蒸し暑い夜、迅は御園と別れ、姉・(かがみ)の待つ家に足を進めていた。

今日の夕飯は何かな〜?

なんて子供染みた事を考えながら、迅は家路を辿っていく。

殿町優斗が死んでから三日ほど経過し、学校のクラスもだんだんと調子を取り戻してきている。

近辺で異常患者(グローバー)の出現もなく、このまま何もなければと、心からそう思う迅。


「種原迅………」


が、そんなことを思ってしまう日ほど、何か良くないことが起きてしまうものだ。

迅は唐突に名を呼ぶ声を耳で捕らえ、辺りを見回す。だが、今、迅がいる周辺には街灯ひとつしかなく、ほとんどが暗闇に呑まれていてまったくモノの識別ができない。


「誰だ!!?」


背負ったケースを開け、中から〈デュランダル〉を取り出そうとしたその時、迅の頬を、何かが掠めた。


「……邪魔者は…消すのみ」


謎の敵は、いつの間にか目の前まで来ていた。迅に向けて伸ばされた手に握られているのは、真剣だった。その剣は、迅の頬に一筋の血の線を生み出している。

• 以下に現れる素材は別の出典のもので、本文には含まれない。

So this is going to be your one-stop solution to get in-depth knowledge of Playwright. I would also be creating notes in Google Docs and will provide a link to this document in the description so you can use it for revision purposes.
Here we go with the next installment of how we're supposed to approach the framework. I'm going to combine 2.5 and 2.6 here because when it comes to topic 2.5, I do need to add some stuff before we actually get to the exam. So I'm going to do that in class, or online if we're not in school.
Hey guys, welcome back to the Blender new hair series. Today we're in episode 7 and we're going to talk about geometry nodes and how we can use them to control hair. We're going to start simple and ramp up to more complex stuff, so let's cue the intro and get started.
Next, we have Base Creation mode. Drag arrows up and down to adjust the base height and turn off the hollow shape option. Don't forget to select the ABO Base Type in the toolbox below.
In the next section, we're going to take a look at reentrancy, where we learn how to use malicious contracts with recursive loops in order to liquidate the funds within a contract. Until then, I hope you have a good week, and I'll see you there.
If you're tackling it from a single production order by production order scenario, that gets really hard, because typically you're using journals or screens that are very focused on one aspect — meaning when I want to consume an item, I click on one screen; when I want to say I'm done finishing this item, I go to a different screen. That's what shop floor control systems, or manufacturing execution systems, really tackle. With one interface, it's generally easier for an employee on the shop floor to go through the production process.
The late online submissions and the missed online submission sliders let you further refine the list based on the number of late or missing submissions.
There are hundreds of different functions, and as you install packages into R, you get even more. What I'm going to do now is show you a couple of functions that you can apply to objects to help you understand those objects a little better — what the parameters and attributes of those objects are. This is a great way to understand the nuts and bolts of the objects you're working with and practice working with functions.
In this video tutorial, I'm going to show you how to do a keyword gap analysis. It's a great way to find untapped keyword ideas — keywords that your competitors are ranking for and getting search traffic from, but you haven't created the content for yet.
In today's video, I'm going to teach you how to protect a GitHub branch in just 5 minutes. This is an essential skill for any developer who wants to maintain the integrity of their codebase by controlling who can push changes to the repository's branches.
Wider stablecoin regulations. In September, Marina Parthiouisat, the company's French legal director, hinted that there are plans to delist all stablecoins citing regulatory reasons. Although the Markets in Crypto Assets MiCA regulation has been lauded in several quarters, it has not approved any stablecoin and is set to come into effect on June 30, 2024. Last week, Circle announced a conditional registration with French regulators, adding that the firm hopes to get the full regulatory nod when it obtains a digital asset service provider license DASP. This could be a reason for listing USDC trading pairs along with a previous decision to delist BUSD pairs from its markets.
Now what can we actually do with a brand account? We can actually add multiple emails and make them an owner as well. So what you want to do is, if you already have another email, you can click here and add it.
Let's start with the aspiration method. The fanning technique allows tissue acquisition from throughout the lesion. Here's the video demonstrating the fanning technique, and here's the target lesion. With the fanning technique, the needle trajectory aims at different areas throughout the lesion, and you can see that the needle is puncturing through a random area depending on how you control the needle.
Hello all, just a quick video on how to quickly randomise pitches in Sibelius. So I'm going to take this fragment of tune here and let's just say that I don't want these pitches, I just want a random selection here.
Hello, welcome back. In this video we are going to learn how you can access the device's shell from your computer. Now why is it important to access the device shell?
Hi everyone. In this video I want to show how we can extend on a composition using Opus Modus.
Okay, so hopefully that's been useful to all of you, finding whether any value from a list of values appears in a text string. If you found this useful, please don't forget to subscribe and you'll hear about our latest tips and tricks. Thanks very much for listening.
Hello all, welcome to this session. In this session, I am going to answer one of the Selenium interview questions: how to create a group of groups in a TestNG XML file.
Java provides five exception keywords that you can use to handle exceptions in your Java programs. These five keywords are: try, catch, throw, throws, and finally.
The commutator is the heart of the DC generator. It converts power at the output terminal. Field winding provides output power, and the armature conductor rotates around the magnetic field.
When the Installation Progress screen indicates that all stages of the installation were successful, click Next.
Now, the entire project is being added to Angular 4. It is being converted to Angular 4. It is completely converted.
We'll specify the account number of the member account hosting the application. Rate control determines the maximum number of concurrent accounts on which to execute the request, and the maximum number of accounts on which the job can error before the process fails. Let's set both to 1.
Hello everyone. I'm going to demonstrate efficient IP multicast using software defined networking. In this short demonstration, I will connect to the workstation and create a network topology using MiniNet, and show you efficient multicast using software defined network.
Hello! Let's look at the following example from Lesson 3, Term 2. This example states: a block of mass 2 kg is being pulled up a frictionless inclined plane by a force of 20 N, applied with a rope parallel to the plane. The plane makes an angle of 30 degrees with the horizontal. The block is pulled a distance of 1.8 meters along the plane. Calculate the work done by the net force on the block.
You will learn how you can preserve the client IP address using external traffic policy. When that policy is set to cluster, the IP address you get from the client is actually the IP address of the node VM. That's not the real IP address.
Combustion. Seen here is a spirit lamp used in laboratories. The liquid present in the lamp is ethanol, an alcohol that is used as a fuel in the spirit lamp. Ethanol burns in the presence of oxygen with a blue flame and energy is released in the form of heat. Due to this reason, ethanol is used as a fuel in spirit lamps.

だが、今の迅にとって頬の傷などどうでもよかった。今の迅が目を見開いて見ているのは、剣先を迅に向ける敵の顔だ。


白雪(しらゆき)………?」


確認の意を込めた迅の呼びかけには応じず、絵怜奈は無言で迅に剣を奮う。

迅は迫る刃を回避し、剣の(つか)を握る絵怜奈の手を抑える。

「やめろ絵怜奈!!こんなことしたら……」


間近で絵怜奈の顔を見た迅は、絵怜奈の目に覇気がないのに気付いた。

昼間は闘争心に満ちた目をしていたのに、昼夜が一転しただけで、精神状態まで反転してしまうのだろうか。

いや、そんなことはあり得ない。

殿町優斗の件で、絵怜奈は迅の事を敵視しているはず。その敵視している相手とやり合うなら、当然闘争心は必要だ。だが、今の絵怜奈には、それが見受けられない。


「まさか………」


迅の【超速演算(アクセルブレイン)】が、ある可能性を見出した。

迅は絵怜奈の攻撃をあしらいながら、周囲の気配に注意を向ける。そして数秒後、微かにだが、人影を確認した。数は二人。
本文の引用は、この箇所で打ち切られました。